Revoke Article 50 is now most popular petition in Parliamentary history

Kyle Picknell

Over 4 million signatures and it’s still growing

The online petition calling on the government to revoke Article 50 and cancel Brexit has become the most popular petition in Parliamentary history with 4,244,520 signatures at the time of writing.

Created in late February, the petition has the highest rate of sign-ups on record according to the official Petitions Committee. A petition is only required to break the 100,000 signature threshold for it to be debated in Parliament.

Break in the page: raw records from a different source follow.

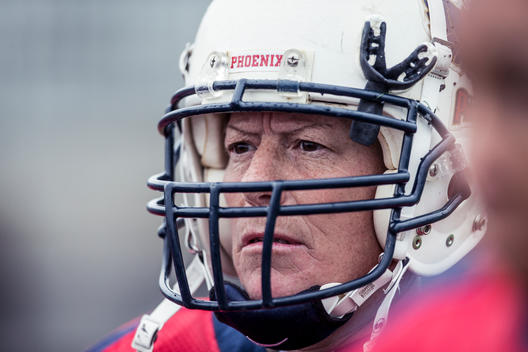 A close up portrait of a women\'s football player wearing her helmet prior to the start of a game.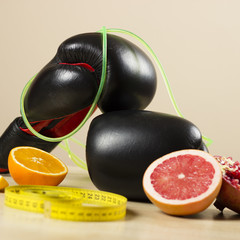 Various fruits neatly placed on the wooden table. Tape measurement beside them.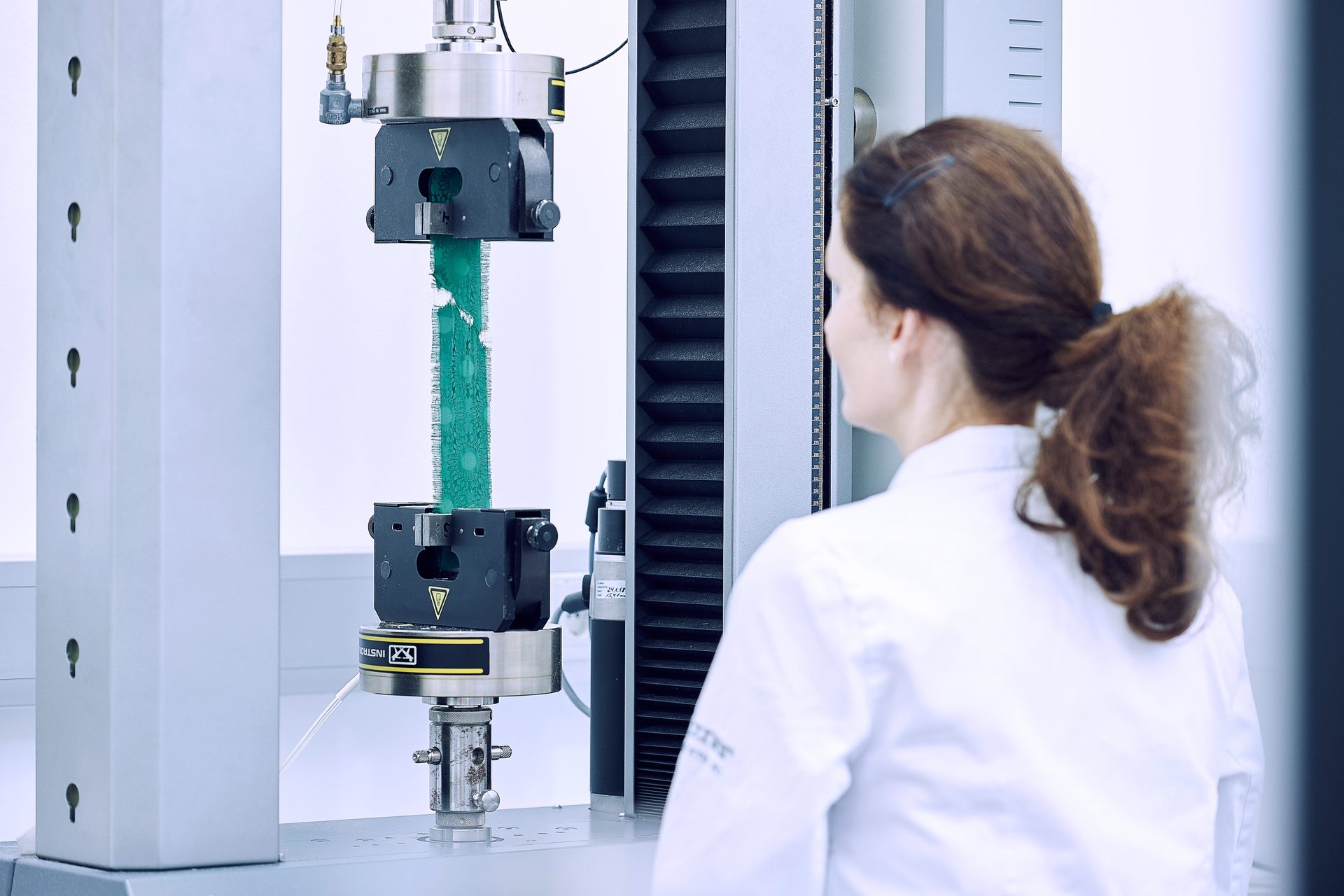 Scientist observing a green textile undergoing tensile testing.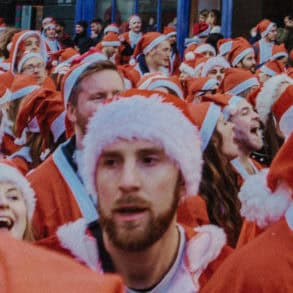 Lots of people dressed up in santa outfits taking part in a charity run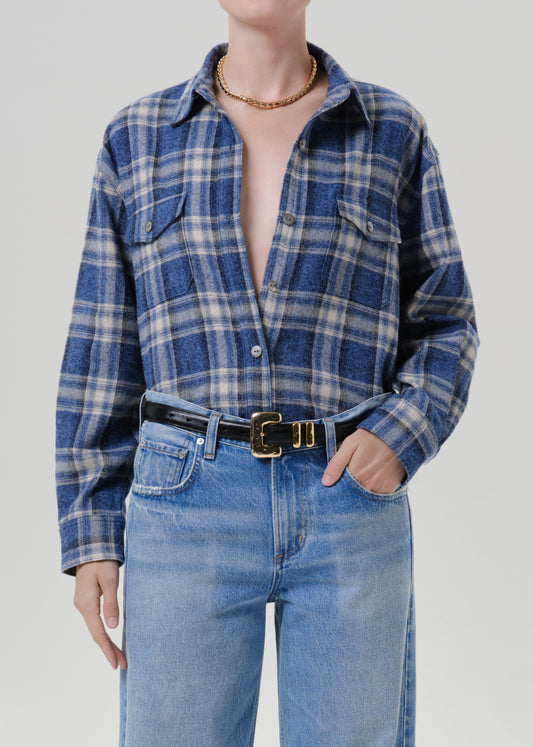 Person wearing a blue plaid button up shirt with light wash jeans on a grey background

The petition was set up by former college lecturer Margaret Anne Georgiadou who said its purpose was to “put stop to the claim that exiting the EU is the will of the people”.

On the website, it reads: “The government repeatedly claims exiting the EU is ‘the will of the people’. We need to put a stop to this claim by proving the strength of public support now, for remaining in the EU. A People’s Vote may not happen – so vote now.”

It comes as hundreds of thousands of people march on London in support of the People’s Vote.

The second most popular petition is one from 2016 calling for a second EU referendum if the Remain or Leave vote was less than 60 per cent. It gathered a similar amount – just over 4.15 million signatures.

In comparison, the most popular pro-Brexit petition had received almost 460,000 signatures by Saturday morning. It calls on the government to “leave the EU without a deal in March 2019“.

The petition to revoke Article 50 has caused the parliament website to crash several times after it surged in popularity on Wednesday following Theresa May’s desperate appeal to the British people to support her deal. At one point almost 2,000 signatures were being added every minute.

The House of Commons petitions committee has also confirmed that 96% of the signatures are from the UK, debunking conspiracy theorists who claimed the movement had been hijacked by bots.